Robots inspired by click beetles leap by exploiting elastic energy
The creation of leaping robots the size of insects that can operate in tight places, such as those seen in mechanical, agricultural, and search-and-rescue environments, is a significant advance in research.
Recent research conducted by Sameh Tawfick, a professor of mechanical sciences and engineering, shows a succession of click beetle-sized robots that are quick enough to match an insect’s speedy escape time, strong enough to move over obstacles, and compact enough to slip into confined areas.
In the Proceedings of the National Academy of Sciences, the results are published.
Over the past ten years, researchers at Princeton University and the University of Iowa have researched the anatomy, mechanics, and evolution of click beetles.
A 2021 research discovered that a coiled muscle in a click beetle’s thorax triggers snap buckling, the quick release of elastic energy, enabling them to launch themselves in the air several times their body length as a method of righting themselves if they are turned onto their backs.
Finding a design that is tiny enough to navigate around barriers or swiftly flee harmful situations is one of the big hurdles in small-scale robotics, according to Tawfick.
Credit: Proceedings of the National Academy of Sciences (2023). DOI: 10.1073/pnas.2210651120
In the latest research, Tawfick and his team employed small coiled actuators that pull on a beam-shaped mechanism, causing it to gradually buckle and store elastic energy until it is spontaneously released and amplified, propelling the robots forward. These actuators are akin to mammalian muscles.
According to Tawfick, “This mechanism, known as a dynamic buckling cascade, is straightforward when compared to the anatomy of a click beetle.” But in this instance, simplicity is advantageous since it enables us to produce pieces on such a tiny scale.
The scientists constructed and tested four gadget variants using mathematics and biological evolution as their guides, eventually settling on two configurations that can leap effectively without the need for human assistance.
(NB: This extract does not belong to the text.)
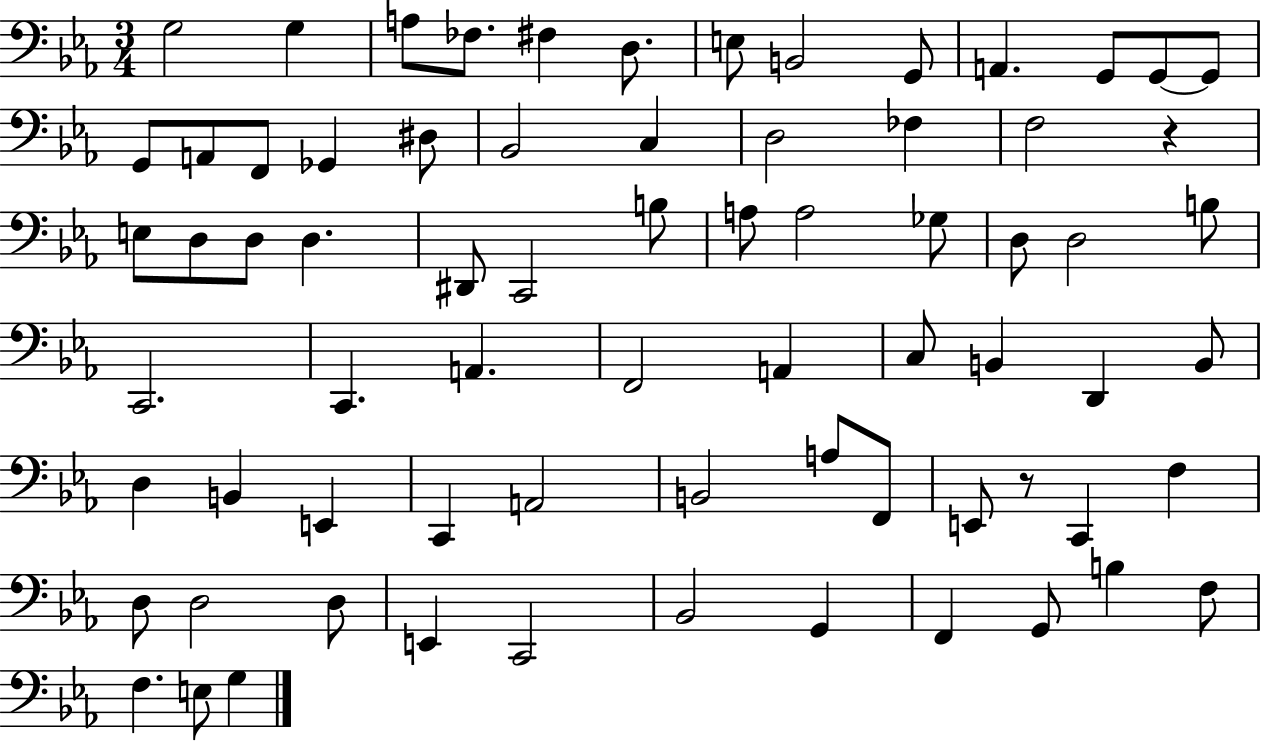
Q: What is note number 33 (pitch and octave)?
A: Gb3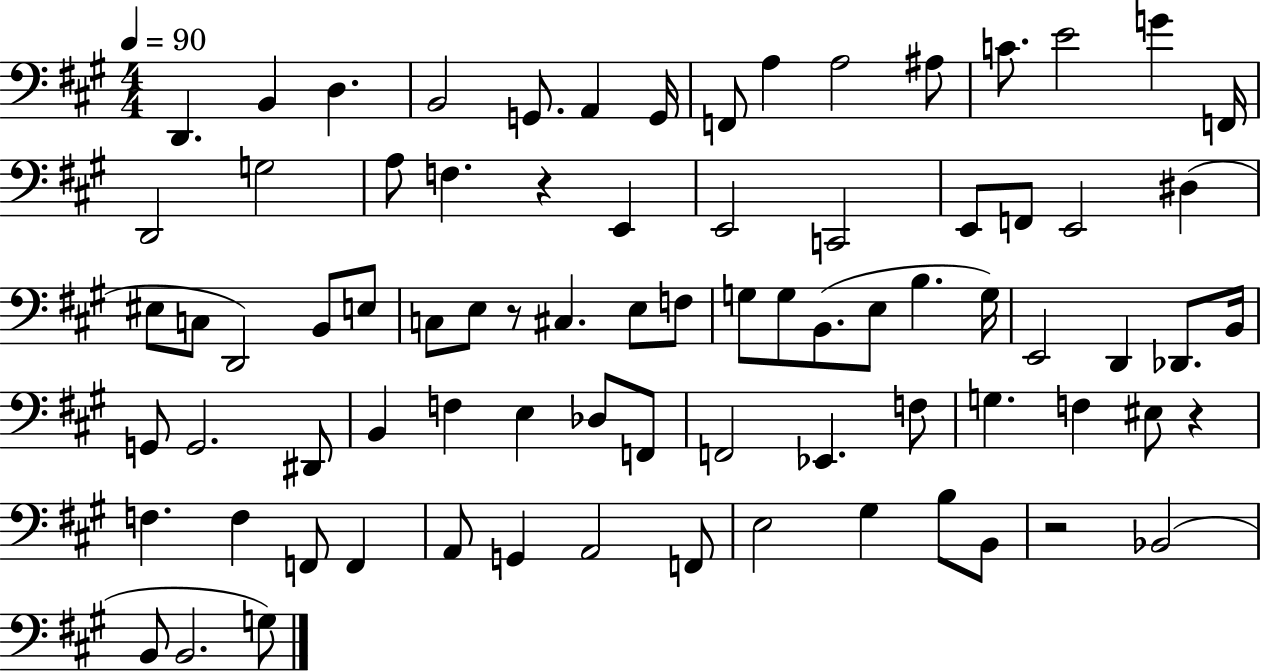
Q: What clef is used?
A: bass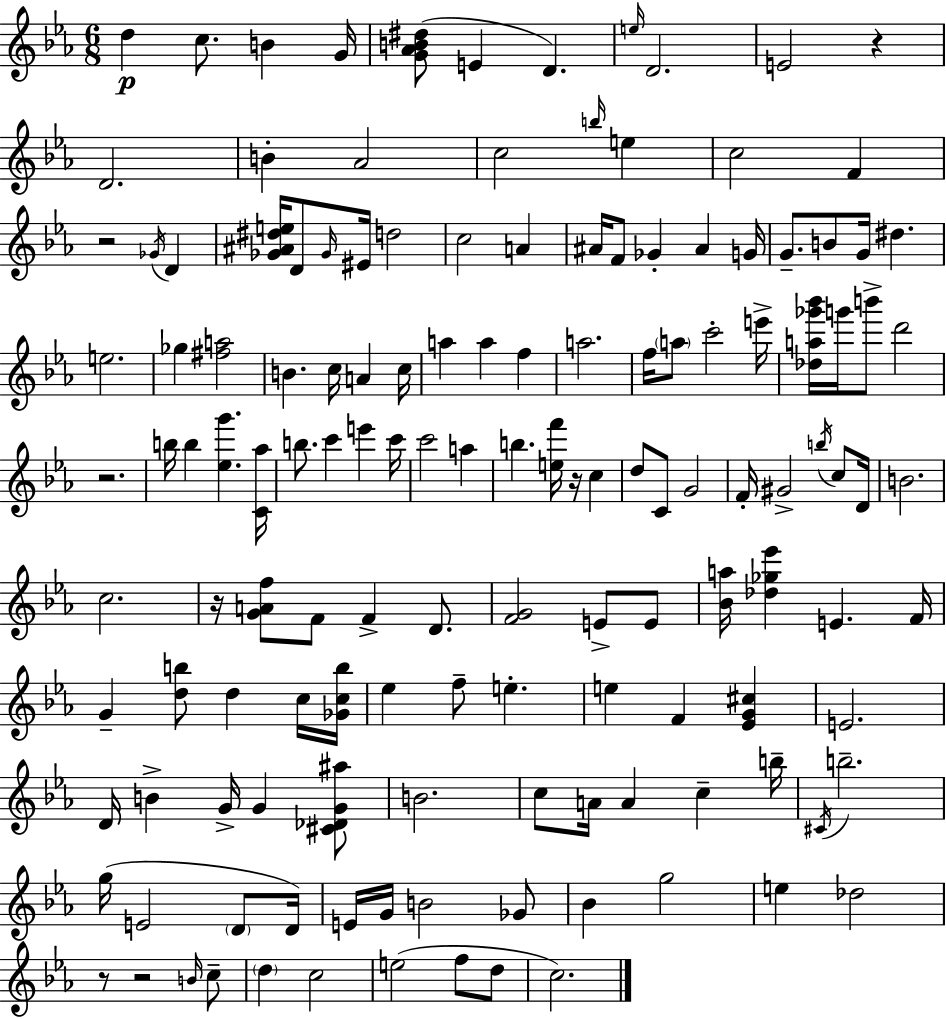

As for the precise design of the following generation of these robots, Tawfick stated, “We do not have a defined methodology going ahead, but this study plants a seed in the evolution of this technology—a process comparable to biologic evolution.
The team believes that these robots will be able to enter small locations and assist with maintenance on massive devices like jet engines and turbines, for example, by collecting images of potential issues.
Insect-scale robots might be helpful in contemporary agriculture, according to Tawfick. “Drones and rovers are currently used by researchers and farmers to monitor crops, but occasionally scientists require a sensor to touch a plant or take a snapshot of a very minute characteristic. Robotic insects can accomplish that.”
Researchers from the University of Texas at Dallas, Oxford University, and the University of Birmingham in the UK all contributed to this study.
“Insect-scale leaping robots facilitated by a dynamic buckling cascade” is the title of the study.